For the library to maintain the current level of access to EBSCO’s databases, it would be forced to purchase not only the core service at a price of $30,000, but also the extra packages at their own cost.

Making the decision to cut research tools, while difficult, is done with consideration to the students who would be impacted most severely by the cut. To determine this, Jeff Trimble, the head of Information Services of Maag Library, reviews usage data from the journals to determine which students from which majors are utilizing the individual databases.

“He tries to say, ‘Well, we have only five people in the women’s study program, but all of them are dependent upon a certain database, whereas STEM has ‘x’ amount of databases to pull from, so if we remove one of those, it won’t cause the entire STEM program to falter,” Clutter said.

Of particular concern to faculty and students, however, is the possibility that the widely used database JSTOR could be cut if there are further budget reductions next year.

“JSTOR makes up about 5 percent of the library’s budget, and generally when we have to make a cut we’re asked to cut between 5 and 7 percent. As unsettling as losing JSTOR would be, it is essentially all we have left to cut,” Clutter said.

For the majority of students and faculty involved in the humanities, losing JSTOR would be a major blow to their researching capabilities.

“For English, for history, for political science … for all departments under the College of Liberal Arts and Social Sciences, they absolutely need JSTOR,” Michael Jerryson of the YSU Philosophy and Religious Studies Department said. “I’ve had students use this [JSTOR] for research for papers they’ve submitted to contests and won prizes for. … So, for me as a faculty member, it would hurt me, but for the students, it’s even worse. It would cripple their ability to do any outside research.”

Other faculty members are concerned with YSU’s ability to live up to its proposed image as an urban research institution if JSTOR is cut from the library.

“To lose JSTOR would pretty much end research for people like myself and those of us in the humanities … I don’t know how we can call ourselves a research university if you don’t have at least a minimally decent library that has those resources,” Mark Vopat of the Philosophy and Religious Studies department said.
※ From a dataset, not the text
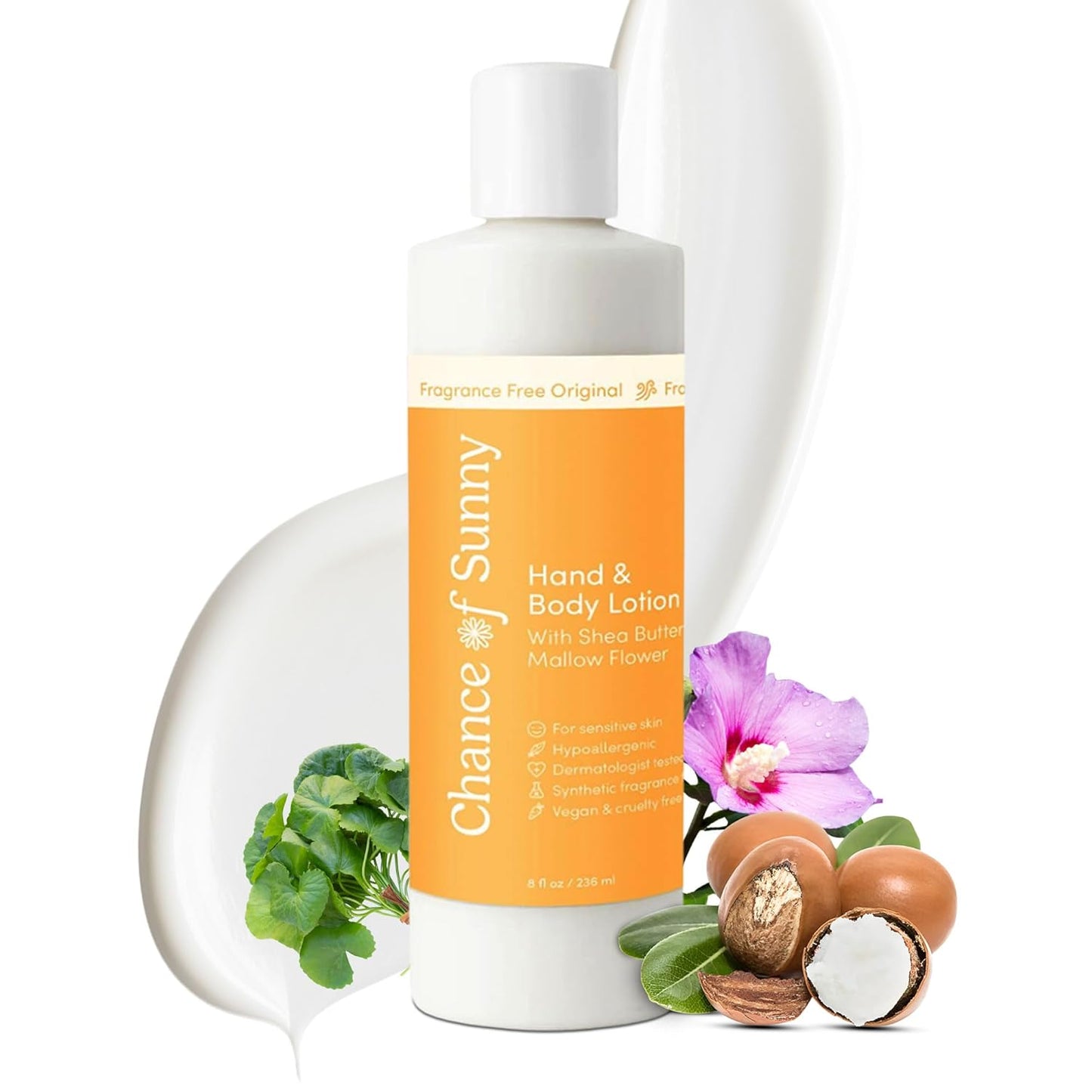 Head to Toe Lotion Original - Fragrance - Free, Hydrating, Organic Shea Butter, Jojoba Oil - Pediatrician Approved, Dermatologist Recommended, for Sensitive Skin, Babies, 8 oz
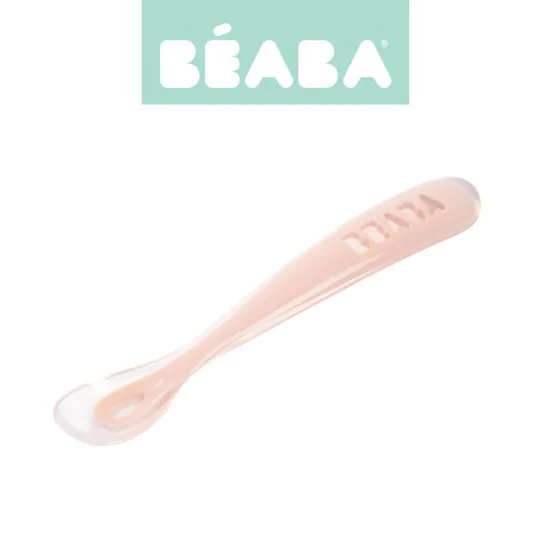 Beaba Łyżeczka silikonowa...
The cost of losing a resource such as JSTOR would not only include derailing humanities research at the university, but would like also force professors to require textbooks or additional readings, a cost that would be passed along to the students.

“One way we can defray the cost of textbooks for courses is to point students to articles and journals in the library. If I can’t do that, then that means I have to buy textbooks, or I have to buy anthologies which are going far more expensive than just pointing students to the library resource,” Volpat said.

At a time when YSU’s enrollment is already suffering from low numbers, losing a resource that is necessary for faculty, undergraduates’, and graduate students’ research may cause some prospective students to reconsider attending YSU for their undergraduate or graduate school.

“I couldn’t think of a
way. …  I could actually complete the [graduate school] workload without spending a ton of my own money on articles and journals. It would probably be more cost effective for me to go somewhere else that was more expensive that actually offered JSTOR and other research materials in the long run,” senior Raymond Wolfgang, an English major, said.

While the shrinking budget and the potential service cuts may seem catastrophic, Clutter, Trimble, and the rest of the library staff and the faculty who represent them remain confident they will find a way to survive the budget crises and provide students with a quality library on YSU campus.

“One thing we don’t want to do is scare anyone away. YSU is still a great school, and we have an amazing faculty. We’re just in a tough position right now with the budget. What it all boils down to is that we need more money,” Clutter said.